Exercise goal: The answer should hold only the lines from the one that contains "HELLA 8DB 355 044-901: Piduriklotsid" through the last line of the material, repeated exactly, without pictures.

Stored data:
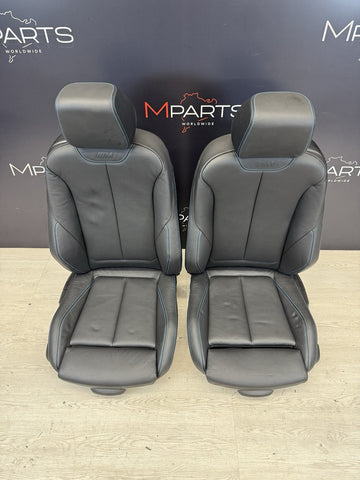 16-18 BMW F87 M2 Coupe Interior Front Left Driver Seat Black / Blue Stitching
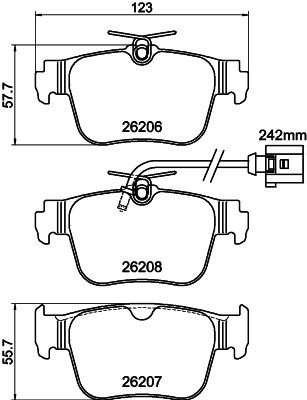 HELLA 8DB 355 044-901: Piduriklotsid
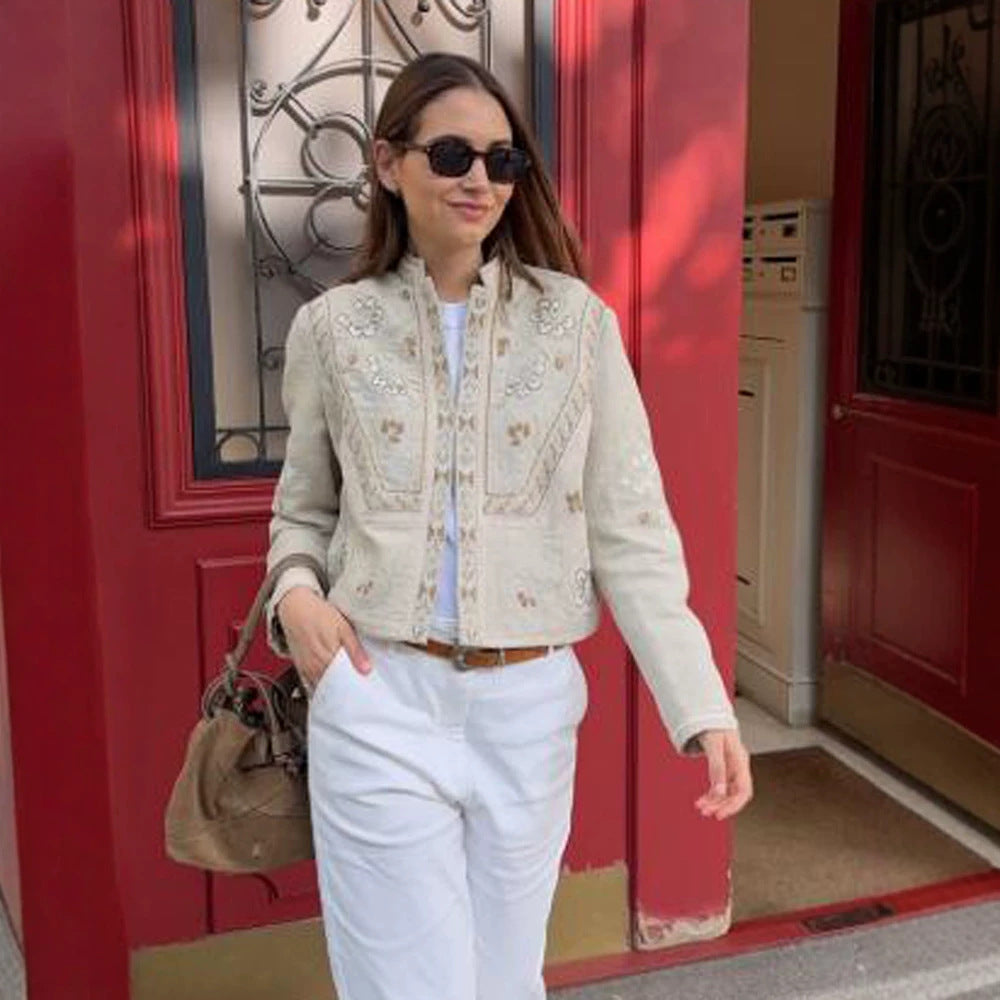 Women's short jacket made of linen blend with elaborate embroidery, stand collar, and tailored silhouette Mune Fashion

Result of the exercise:
 HELLA 8DB 355 044-901: Piduriklotsid
 Women's short jacket made of linen blend with elaborate embroidery, stand collar, and tailored silhouette Mune Fashion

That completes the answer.